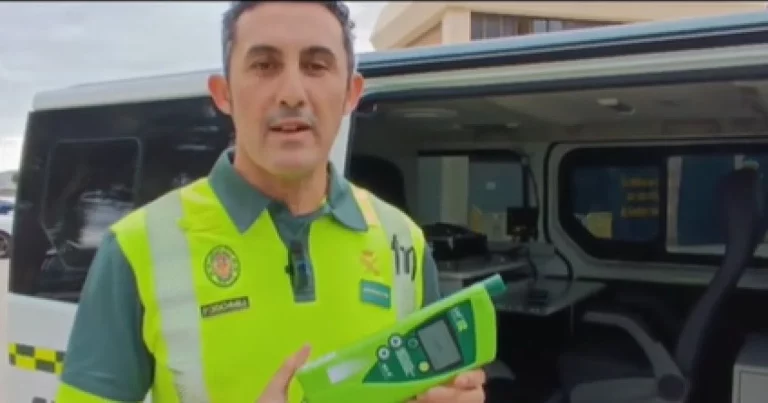 La DGT ya exige alcoholímetro en coches nuevos: ¿te harán soplar al arrancar?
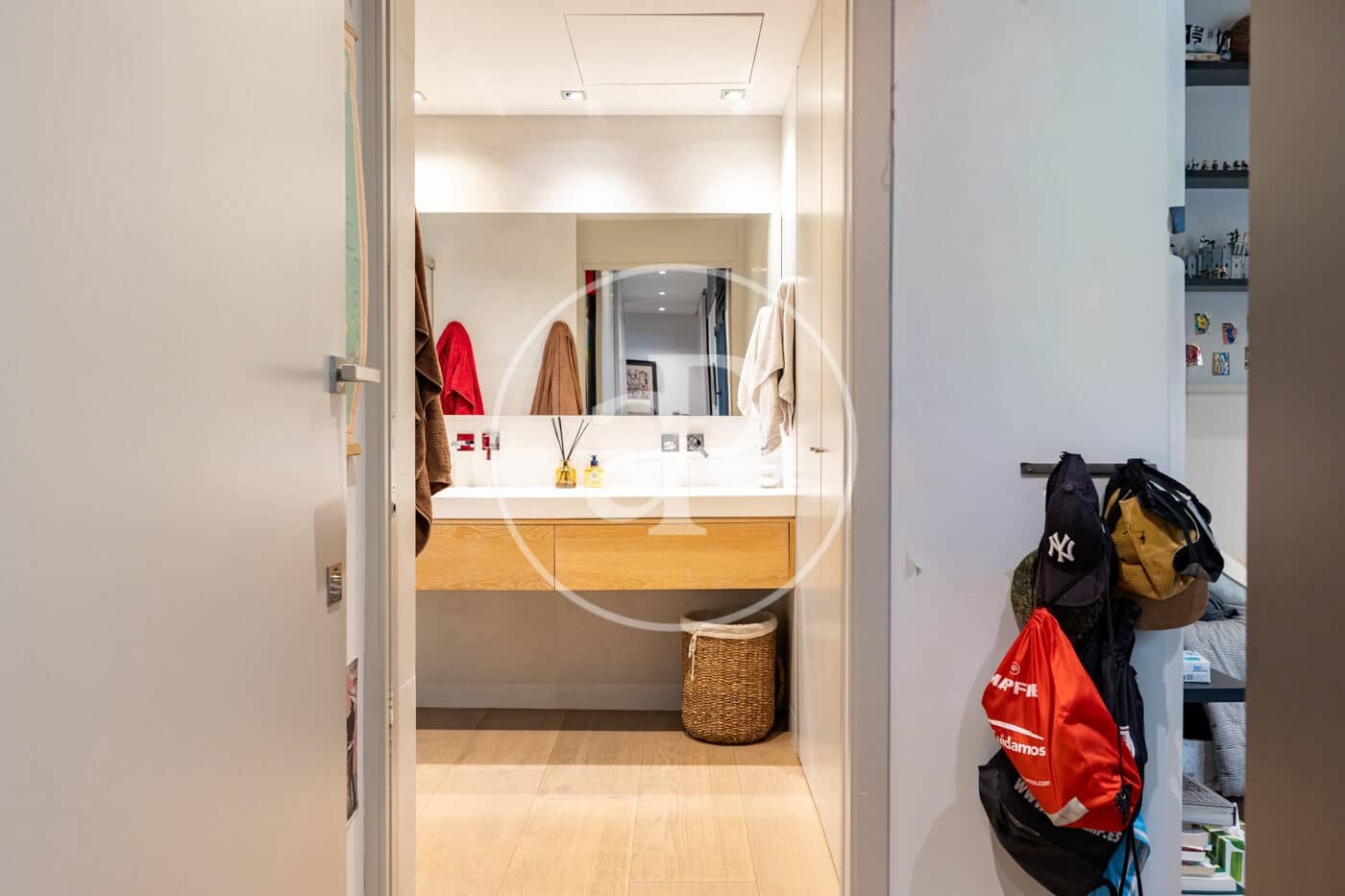 3 bedroom Apartment for sale in Barcelona city - € 1,215,000 (Ref: 9966647)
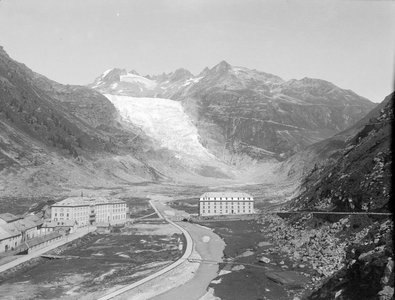 Landschaft mit Gletsch und Rhonegletscher 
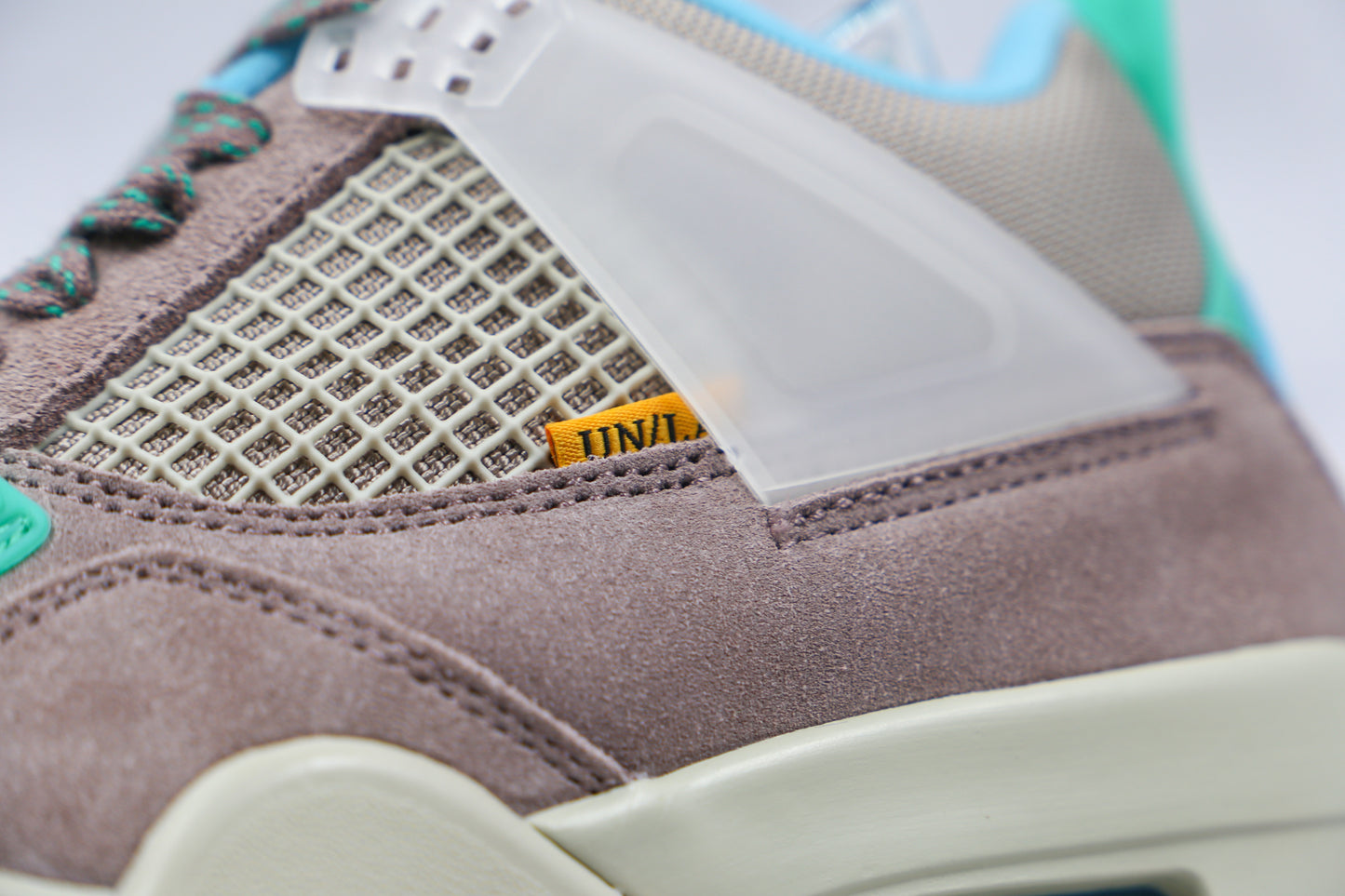 Air Jordan 4 Union Taupe Haze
========================================================================
→ About this task:
Go through the listing above and retype each line exactly, apart from the pictures.

→ Solved exercise:
 La DGT ya exige alcoholímetro en coches nuevos: ¿te harán soplar al arrancar?
 3 bedroom Apartment for sale in Barcelona city - € 1,215,000 (Ref: 9966647)
 Landschaft mit Gletsch und Rhonegletscher 
 Air Jordan 4 Union Taupe Haze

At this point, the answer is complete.